Dans son livre « Le coup de feu » Bill Buford raconte que lorsque Gianni Valdirisi s’était marié avec Betta « il avait été horrifié de s’apercevoir que, dans la précipitation, il avait omis de goûter à son ragù. Celui-ci qu’elle avait appris auprès de sa tante, avait été transmis par des générations de femmes de sa famille et serait forcément différent du ragù que Gianni avait mangé à la table de ses parents, à savoir celui de sa propre mère, dont la saveur profonde et complexe le touchait tout au fond de l’âme. »
« Un ragù, affirmait-il, était une chose très personnelle. Aussi imaginez son bonheur quand, goûtant pour la première fois au ragù de Betta, il s’aperçut que, en effet, il était différent de celui de sa mère… et meilleur. »
Et le ragù, prévient Pierre Jancou « n’a rien à voir avec cette sauce pseudo-bolognaise à la française qui, ironie du sort n’existe pas là-bas. » C’est ce que retient une pâte de la catégorie « sorties » comme les orecchiette : « une minuscule larme de sauce dans leur pavillon » note Buford.
Photograph: Ashley Gilbertson/New York Times/Redux/eyevine
Romans non-traduits, nanars introuvables, bizarreries oubliées… François Forestier dégaine ses livres du second rayon. Cette semaine, toqué de toques.

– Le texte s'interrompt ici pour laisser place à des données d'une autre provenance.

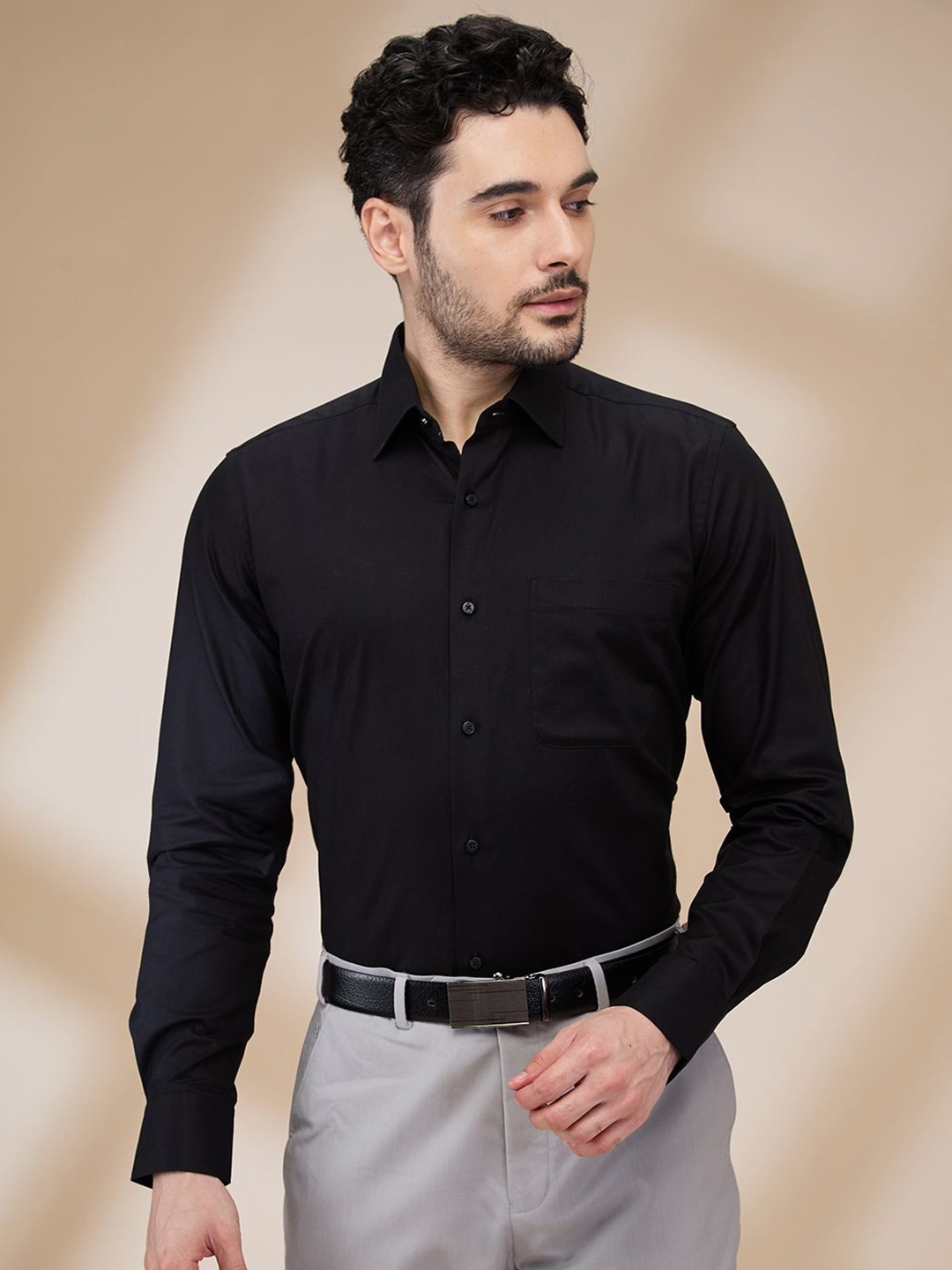 

Raymond Men Spread Collar Solid Cotton Formal Shirt, Black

Bill Buford, l’Américain qui voulait apprendre la gastronomie française en accéléré ICI
Bill Buford est incontestablement un Américain louftingue, probablement crazy, définitivement astap. Dans les années 1980, il pilotait avec talent une revue littéraire géniale, « Granta », et, brusquement, il a décidé de prendre la plume, persuadé que l’écriture (dans la tradition yankee) exigeait de se colleter au monde, donc de voyager, de se bagarrer, de plonger dans le baquet, d’affronter les dacoïts du Middlesex et les ragazzi de la banlieue italienne. Dans son nouveau livre « Dirt », il explique avec entrain son ambition : avoir un tablier de cuisine avec son nom brodé sur la poitrine. En conséquence, à 66 ans, il décide de venir en France, pour apprendre en quelques mois (c’est bien américain, ça, faire speedy) les subtilités de la French Gastronomy. Le sous-titre du livre précise : « Adventures in Lyon as a Chef in Training, Father, and Sleuth Looking for the Secret of French Cooking ». Il va en baver, oui, le new Chef, mais c’est ça qui fait de la littérature (pour lui). Sans sueur, pas de livre.

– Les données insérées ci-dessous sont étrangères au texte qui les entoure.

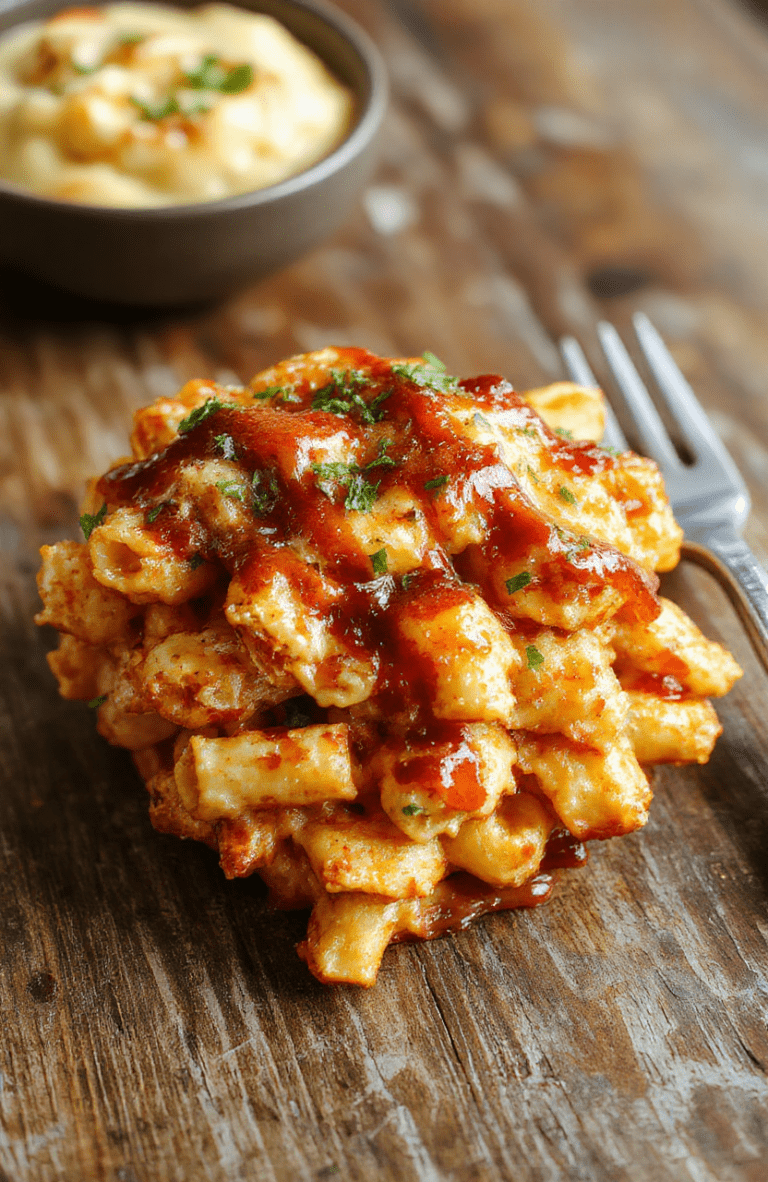A vibrant plate featuring creamy macaroni and cheese topped with tender grilled chicken coated in glossy honey BBQ sauce, garnished with fresh herbs. The dish displays a rich, cheesy texture with caramelized chicken pieces, set on a rustic wooden table with warm lighting, highlighting the glossy sauce and melty cheese.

Buford commence par lire le manuel classique d’Ali Bab (1907), apprend à dire « Merde ! » (il ne parle pas français, ce qui complique légèrement les choses quand on lui demande de fraiser la pâte à la main, avant de faire rissoler la crépine), cherche à rencontrer Veyrat, pense que la Bourgogne se situe dans le Nord de la France, vénère Paul Bocuse et demande un visa de travail à l’administration française. Un fonctionnaire l’interviewe en français, et prend les empreintes digitales de ses enfants (tout petits). Buford arrive à Lyon, cherche un appartement, mange de l’andouillette (« qui vous donne l’impression d’habiter dans l’estomac d’une bête »), lit Brillat-Savarin (1825), rencontre Daniel Boulud, passe chez la Mère Brazier, cite Michel Viannay, et comprend (assez vite, pour un Américain) qu’on ne devient pas chef en regardant les émissions culinaires à la télé.